6. The inscrutable methods of God’s sovereignty are sometimes adduced to explain away this ominous separation referred to by the prophet. Now and again occasions arise when the Lord does seem to withdraw Himself from HIS people. There are inexplicable factors in God’s dealings with us, but those factors belong chiefly to the sphere of providence rather than to that of grace. More often than not, it is sin which veils God and His goodness from the sad, breaking, woe-begone heart, and we shall not get out of the gloom by closing our eyes to the explanation and assuming that this terrible silence of the Most High, this apparent indisposition to help, at the mere thought of which the heart sickens and faints, is one of the decrees of His unsearchable sovereignty.
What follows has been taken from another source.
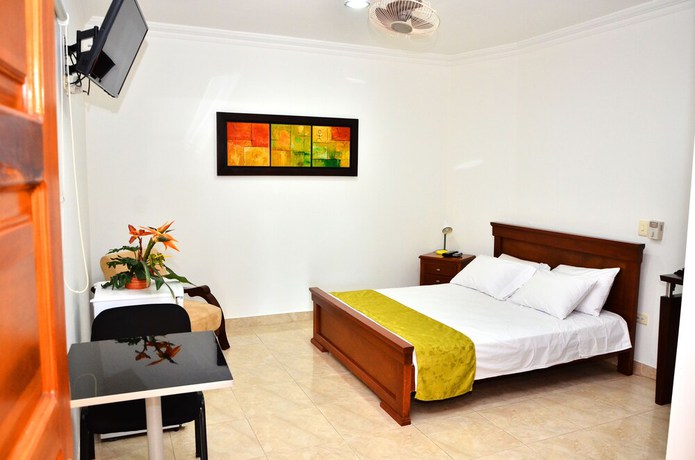 Imagen de la habitación del Hotel Ciro. Foto 17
7. This separation is often veiled from us by the illusions of the senses and the pomps of this present evil world. It needs much courage and sobriety of mind to realize the perils with which it is fraught. The form assumed by our personal sin may be so secret and subtle that it is easy for us to think that, in our case at least, this is not the malign force which separates from God and makes His presence fleeting as a dream. We have not been guilty perchance of glaring, flagitious, anti-social transgressions which provoke the reproaches of those who watch our behaviour. Yet spiritual sins may cleave to us which work portentous mischief in the religious life. (T. G.Selby.)



Visions which lure to destruction

Near the source of one of the great rivers of the East there stands a Buddhist monastery of widespread fame, built on the edge of a beetling cliff. In the chasm beneath clouds are often seen floating, upon which the pilgrims who have climbed to the shrine look down. Under certain conditions of the sun and atmosphere a magnificent phenomenon appears. The sun, greatly enlarged and begirt with coruscations of prismatic splendour, is reflected upon the screen of vapours. From the central disc shafts of gold and purple and violet pulse and throb. The devotees call the sight “the glory of Buddha,” and when the prismatic marvel appears, half mad with religious frenzy, they cast themselves into the palpitating mass of colour, falling unconscious suicides into the grim gulf below, to which only vultures and jackals can approach. And the separating chasm between ourselves and God is often filled up with a meretricious pomp that disguises its tragedies, and men are again and again betrayed into self-destruction. Perhaps it is a vision of the world with its wealth and power that scintillates there, the gorgeous phantoms which passed before the eye on the mount of the temptation. All the hues of Vanity Fair shimmer beneath our feet, and we think surely we may plunge into the iridescence that seems to beckon us. Or it may be the glory of Nature spreads itself athwart the yawning gulf. She interposes the magic of her shows, entices with the glory of her stately order, usurps the nimbus of a factitious sovereignty, and takes the very place of God Himself. The gulf dividing from God is hidden by her enchantments. Or, the rainbow glories of an aesthetic religion veil the deep moral separation. Men sometimes commit ethical suicide under the cover of an ornate worship. We cultivate art, music, the devices that enthral the senses, and call the product piety, forgetting that we are in no sense at one with God. Pageants superimpose themselves upon unwelcome facts, and underneath the circles of deceitful splendour there gape gulfs of deep and irretrievable perdition. If sin is ignored, unconfessed, unforsaken, if unflattering truths are obstinately disguised, we shall find at last that our capacity for communion with God is lost and our doom is an abyss from which there can be no uplifting. (T. G. Selby.)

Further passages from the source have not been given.